For one embodiment of pipeline 100, TAR 172 is reserved for
selected branch instructions that are predicted TK, since the
benefits of fast access are only realized when pipeline 100 is
resteered. This also eliminates the need for a fast direction
predict structure corresponding to BPT 174.
[0037] For this embodiment of the invention, BRP includes an
importance hint to indicate whether the predicted target address
should be stored in TAR 172 or TAC 178. Decoder 130 interprets the
hint and directs the predicted branch target address accordingly.
In the example, the BRP IP hits in I-cache 160 and the BRP is
provided to decoder 130. Decoder 130 loads prediction information
from the BRP into (1A) TAR 172 or (1B) BPT 174 and TAC 178,
according to whether the hint bit is set. As in the embodiment of
FIG. 1A, (2) a prefetch request is launched to memory 150, and (3)
the prefetched branch target instructions are returned to I-cache
160.
[0038] FIG. 2B represents the process that results when the branch
predict information is stored in a BPS 170 having a hierarchy of
branch prediction structures. In the disclosed example, the BR_IP
hits in TAR 172 (1A) or TAC 178 (1B), and (2) the branch target
address is returned to IPG 110 from the storage structure that
holds the hit entry.
[0039] FIG. 3 is a block diagram of one embodiment of a BRP 300 in
accordance with the present invention. The disclosed embodiment of
BRP 300 includes an opcode field 310, a branch target field 320, a
link field 330, and various hint fields 340. Opcode field 310
identifies the instruction as a BRP 300. Branch target field 320
indicates a target address to which control is transferred when the
branch is resolved taken. Link field 330 indicates the BR that is
associated with BRP 300. Hint field(s) 340 includes hint
information that facilitates processing of the associated BR.
[0040] The data in branch target field 320 is typically provided as
an IP or a portion of the IP for the first of the branch target
instructions. This IP (or a portion of it) identifies the
instructions targeted by a prefetched request that is triggered by
BRP 300, and it is loaded into branch prediction system 170 to
access the prefetched target instructions when the associated BR is
detected. As discussed below, the branch target IP is stored at an
entry of, e.g., TAC 178, that is tagged by the IP of the associated
BR. For an indirect branch instruction, field 320 points to a
register in which the branch target IP (or a portion of it) is
stored. The processor reads the target address from the register
and stores it at an entry tagged by the IP of the associated
BR.
[0041] For one embodiment of the invention, link field 330 provides
a displacement that may be added to the IP of BRP 300 to determine
the IP of the associated BR. This IP provides the link between BRP
300 and its associated BR that allows branch prediction information
to be prepositioned in branch prediction system 170 on an as-needed
basis. Decoder 130 may use data from link field 330 and the BRP IP
to determine the IP of the associated BR. For one embodiment, link
field 330 specifies a nine bit offset that is combined with the IP
of BRP 300 to indicate the IP of the associated BR. Decoder 130
stores the branch prediction data in an entry of, e.g., BPT 174 or
TAC 178, identified through the associated BR IP (or IP portion).

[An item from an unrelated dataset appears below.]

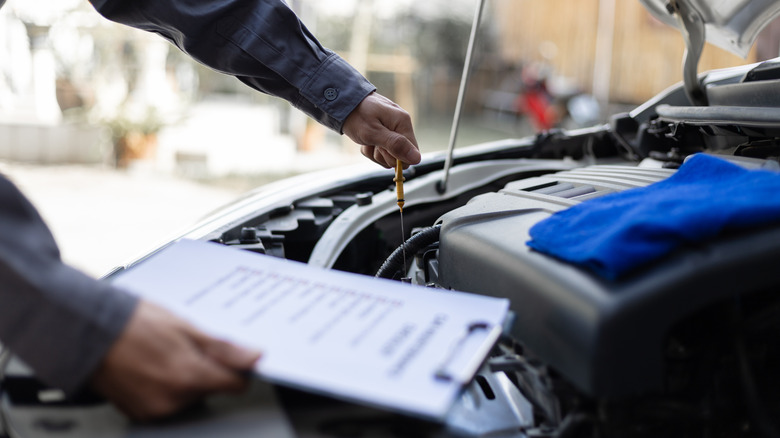 Механик выполняет обслуживание двигателя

BRP 300 is scheduled to make the branch predict information
available by the time the IP of the associated BR reaches fetch
module 120. This avoids the need wait for decoder 130 to extract
the information when the branch instruction is first executed.
[0042] For another embodiment, link field 330 may store a tag made
up of some subset of bits from the address of the branch
instruction. When a branch is encountered, the corresponding subset
of bits from the instruction address are CAMMED to determine
whether a match is present. Persons skilled in the art will
recognized that other methods are available to encode a link
between the BRP with its associated BR.
[0043] Hint field 340 may include hint information indicating the
importance of the BR, how it should be predicted, and whether and
how a prefetch request should be implemented. For the embodiment of
pipeline 100 in FIG. 2A, hint field 340 includes an importance hint
(IMP) that is set if the branch target IP provided by BRP 300 is to
be written to TAR 152. The importance hint allows branch prediction
resources to be allocated to different BRs according to their
expected impact on performance.
[0044] A "whether" hint (WH) in hint field 340 may be used to
indicate how the associated BR should be predicted. For example,
the "whether" hint may indicate that the associated BR should be
predicted on the basis of static data available at compile time, or
that dynamic data accumulated during execution be used to predict
the associated BR. Dynamic data includes the resolved branch
direction and target address for the executed BR.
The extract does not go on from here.